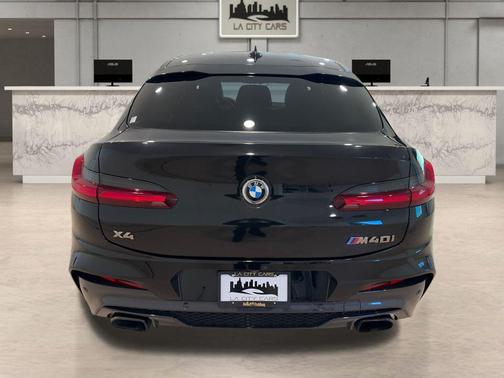 2020 BMW X4 M40i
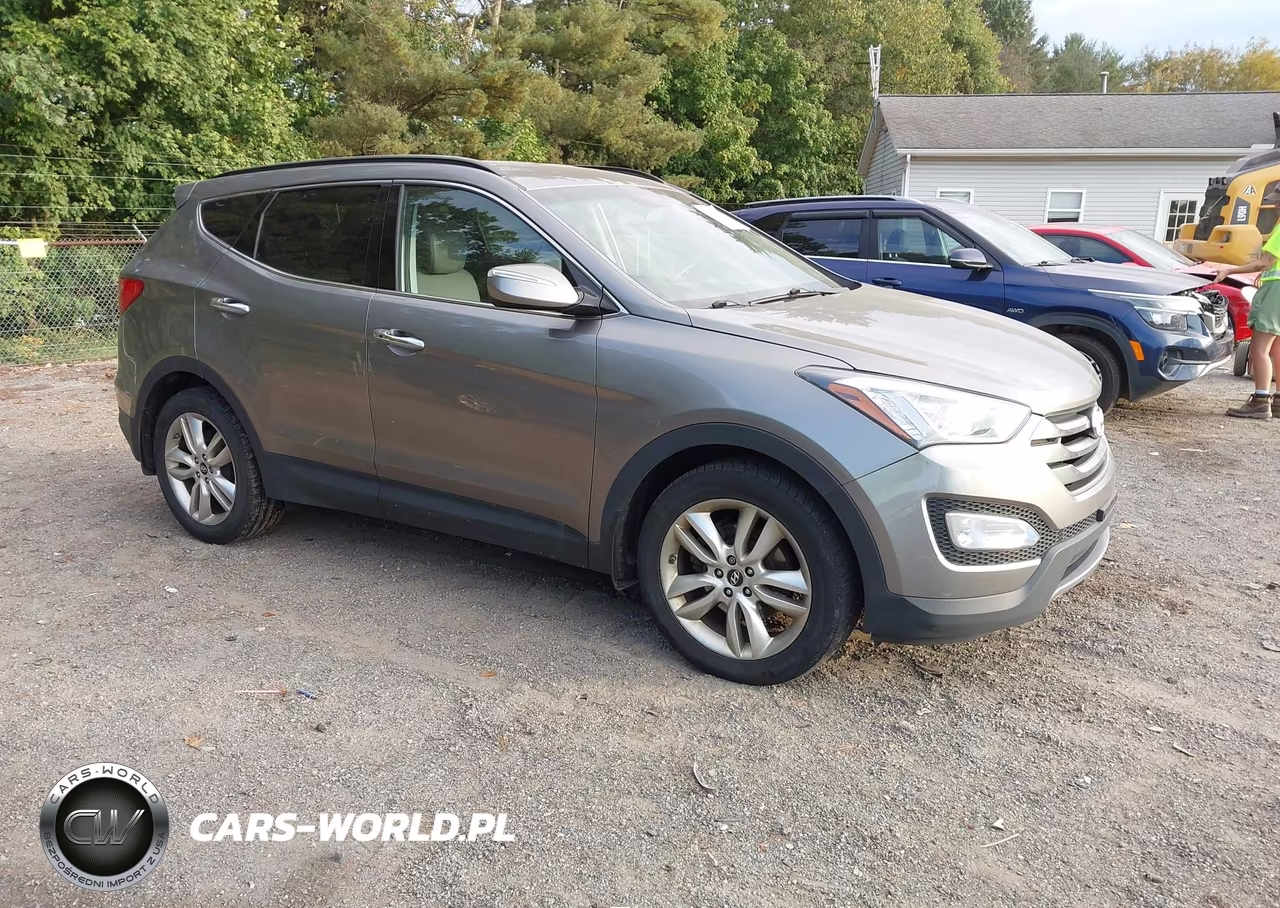 2013 Hyundai Santa Fe Sport 2.0T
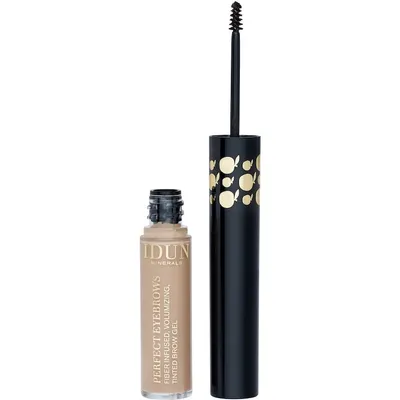 Idun Minerals Fiber Brow Gel (Żel do brwi)
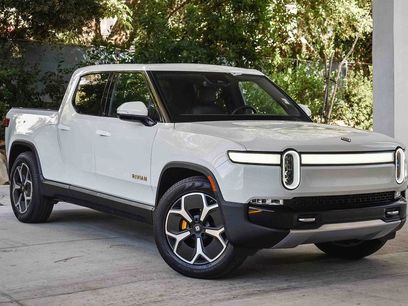 Used 2022 Rivian R1T Adventure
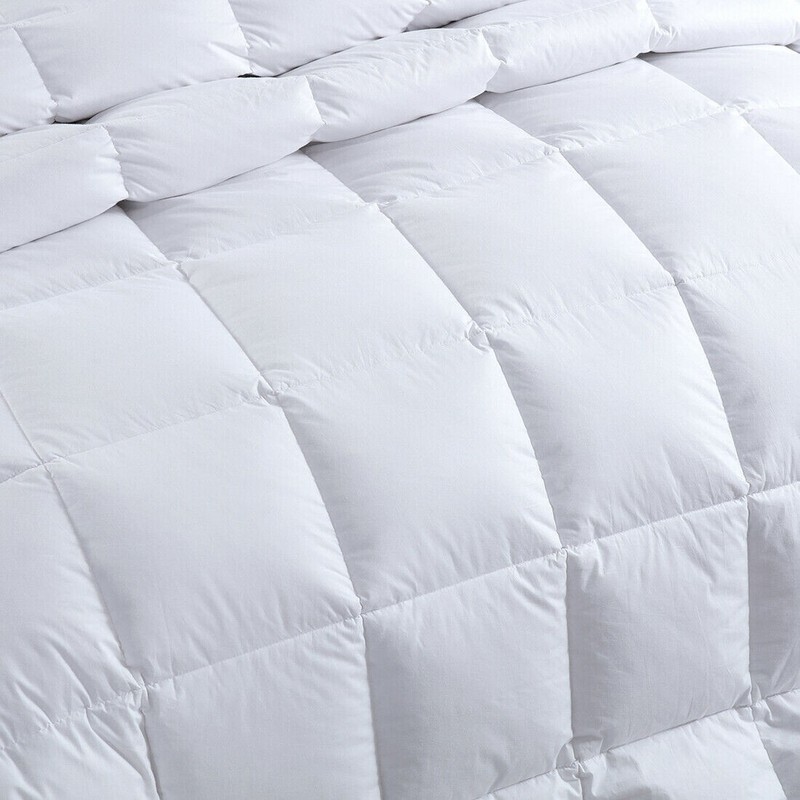 Down Comforter Luxury 100% Duck Down Comforter Duvet Insert - KING SIZE - SALE gallery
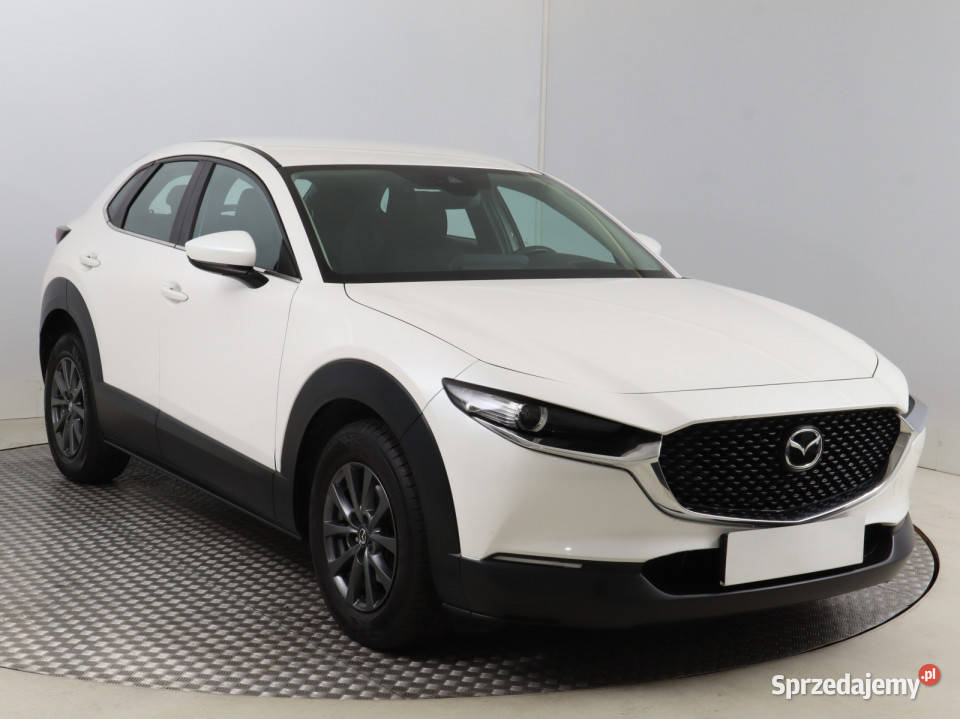 Mazda CX30 SkyactivG 20 Bielany Wrocławskie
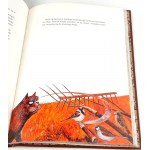 ORWELL - FOLWARK ZWIERZĘCY Wydanie kolekcjonerskie ilustrowane gwaszami Iwana Kulika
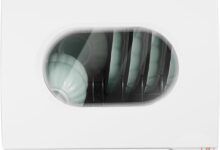 Our Take on the 110V Compact Countertop Dishwasher for Small Spaces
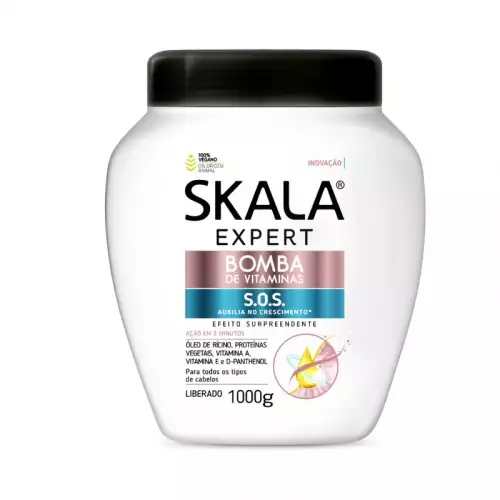SKALA EXPERT BOMBA DE VITAMINAS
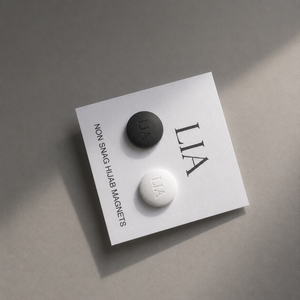White Summer Box - #abc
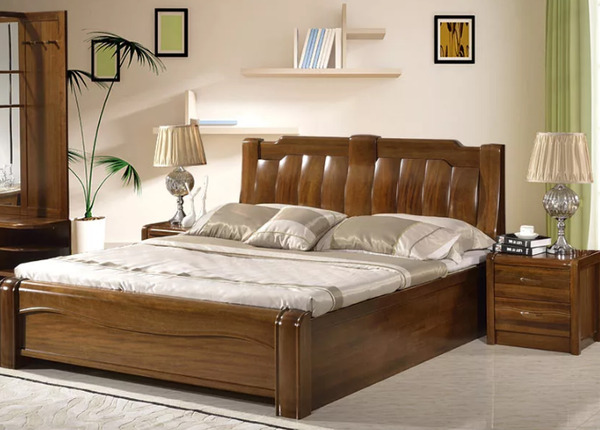 Đồ gỗ được đóng theo yêu cầu hợp với không gian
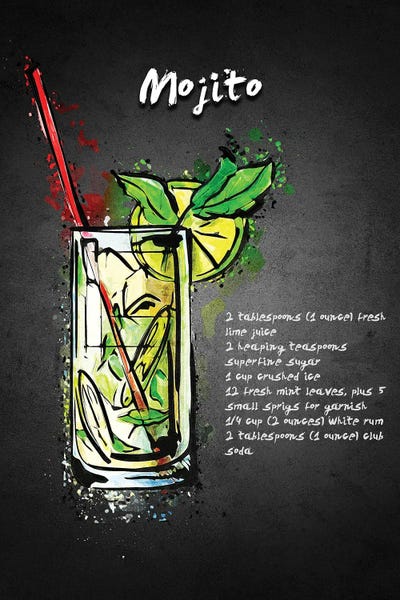 Mojito: Mojito I by Gab Fernando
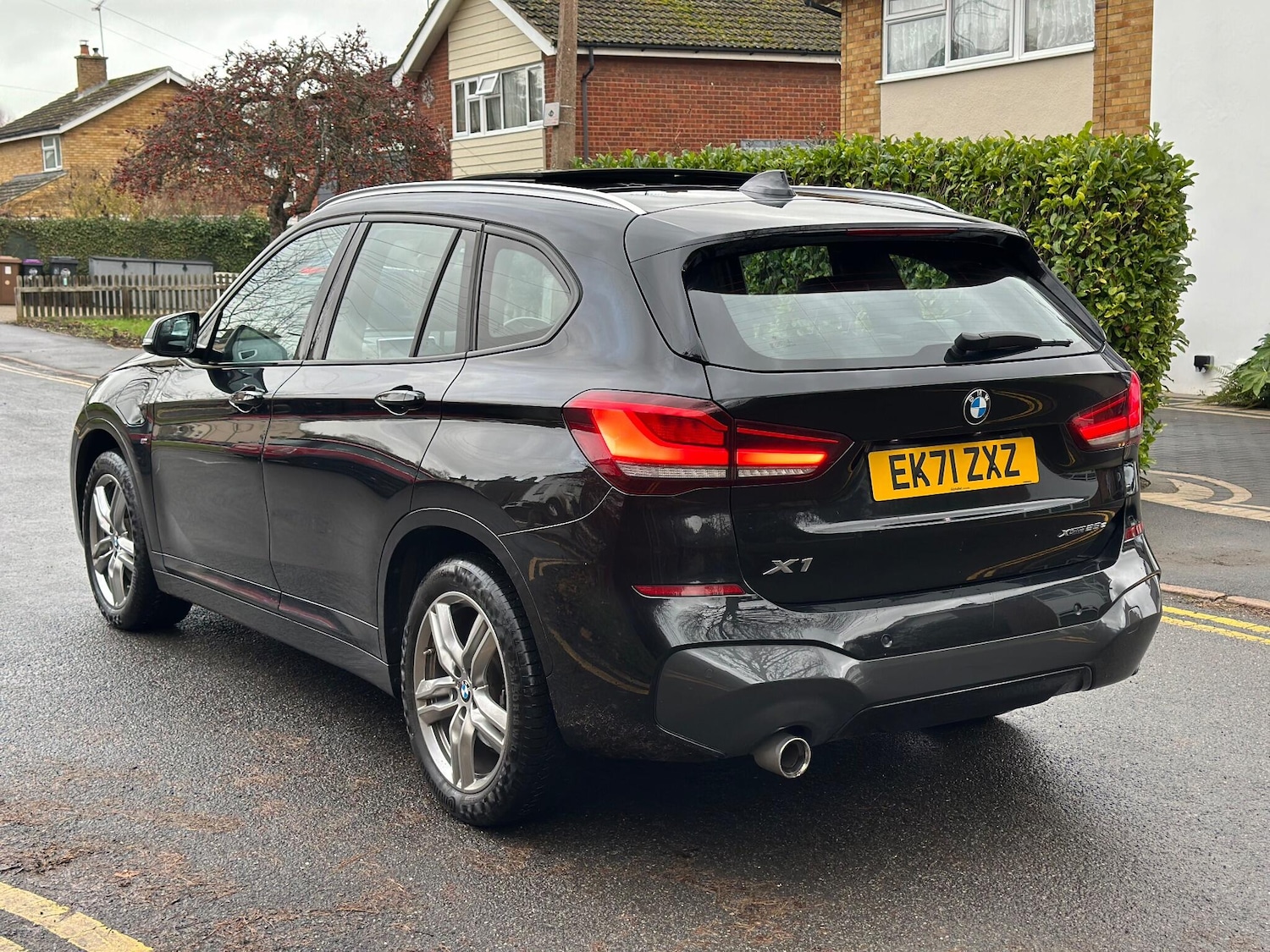 Used BMW X1 2021 for sale - 77120187: Photo 7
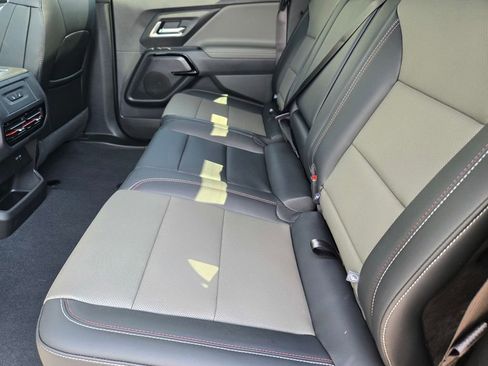 New 2026 Chevrolet Silverado EV Trail Boss image 4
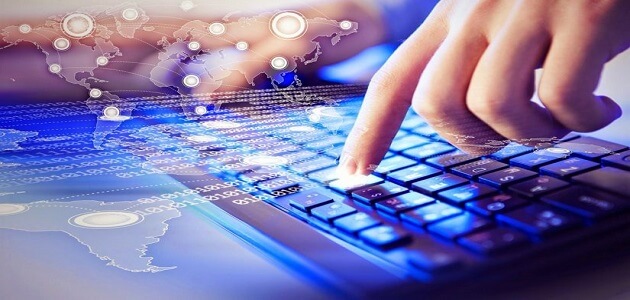 موضوع عن المعلومات من اسلحة العصر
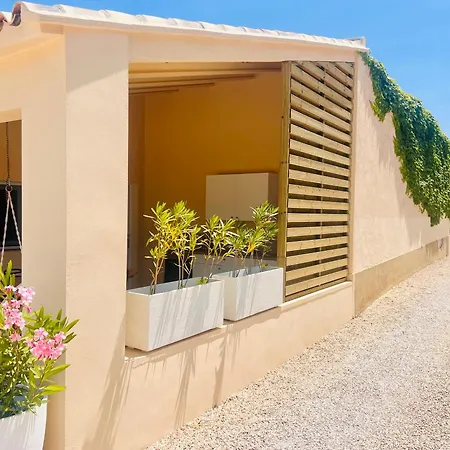 Casa De Lirios Nocleg ze śniadaniem Muro de Alcoy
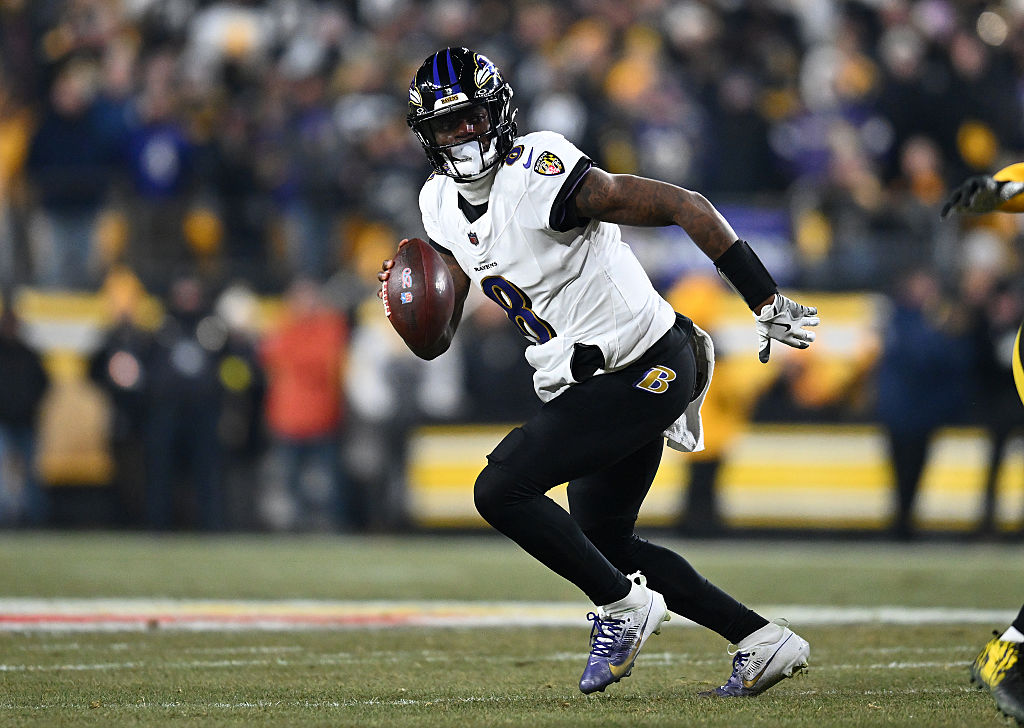 Baltimore Ravens v Pittsburgh Steelers - NFL 2025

□ □ □ □ □ □ □

- Exercise goal: A faithful copy of the data above is wanted, with every image left out.

- Task response:
 2020 BMW X4 M40i
 2013 Hyundai Santa Fe Sport 2.0T
 Idun Minerals Fiber Brow Gel (Żel do brwi)
 Used 2022 Rivian R1T Adventure
 Down Comforter Luxury 100% Duck Down Comforter Duvet Insert - KING SIZE - SALE gallery
 Mazda CX30 SkyactivG 20 Bielany Wrocławskie
 ORWELL - FOLWARK ZWIERZĘCY Wydanie kolekcjonerskie ilustrowane gwaszami Iwana Kulika
 Our Take on the 110V Compact Countertop Dishwasher for Small Spaces
SKALA EXPERT BOMBA DE VITAMINAS
White Summer Box - #abc
 Đồ gỗ được đóng theo yêu cầu hợp với không gian
 Mojito: Mojito I by Gab Fernando
 Used BMW X1 2021 for sale - 77120187: Photo 7
 New 2026 Chevrolet Silverado EV Trail Boss image 4
 موضوع عن المعلومات من اسلحة العصر
 Casa De Lirios Nocleg ze śniadaniem Muro de Alcoy
 Baltimore Ravens v Pittsburgh Steelers - NFL 2025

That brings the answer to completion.